» **Records to process**:

====================

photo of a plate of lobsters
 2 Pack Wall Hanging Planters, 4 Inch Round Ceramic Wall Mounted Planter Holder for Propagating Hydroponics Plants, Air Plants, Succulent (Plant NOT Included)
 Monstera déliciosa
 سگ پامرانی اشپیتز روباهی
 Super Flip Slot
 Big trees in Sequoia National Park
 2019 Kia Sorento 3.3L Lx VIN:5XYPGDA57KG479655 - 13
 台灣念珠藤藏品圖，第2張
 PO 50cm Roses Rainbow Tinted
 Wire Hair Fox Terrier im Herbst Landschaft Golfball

====================

Give an exact reproduction of the lines from the one with "2 Pack Wall" to the final line of the entries, including both.

 2 Pack Wall Hanging Planters, 4 Inch Round Ceramic Wall Mounted Planter Holder for Propagating Hydroponics Plants, Air Plants, Succulent (Plant NOT Included)
 Monstera déliciosa
 سگ پامرانی اشپیتز روباهی
 Super Flip Slot
 Big trees in Sequoia National Park
 2019 Kia Sorento 3.3L Lx VIN:5XYPGDA57KG479655 - 13
 台灣念珠藤藏品圖，第2張
 PO 50cm Roses Rainbow Tinted
 Wire Hair Fox Terrier im Herbst Landschaft Golfball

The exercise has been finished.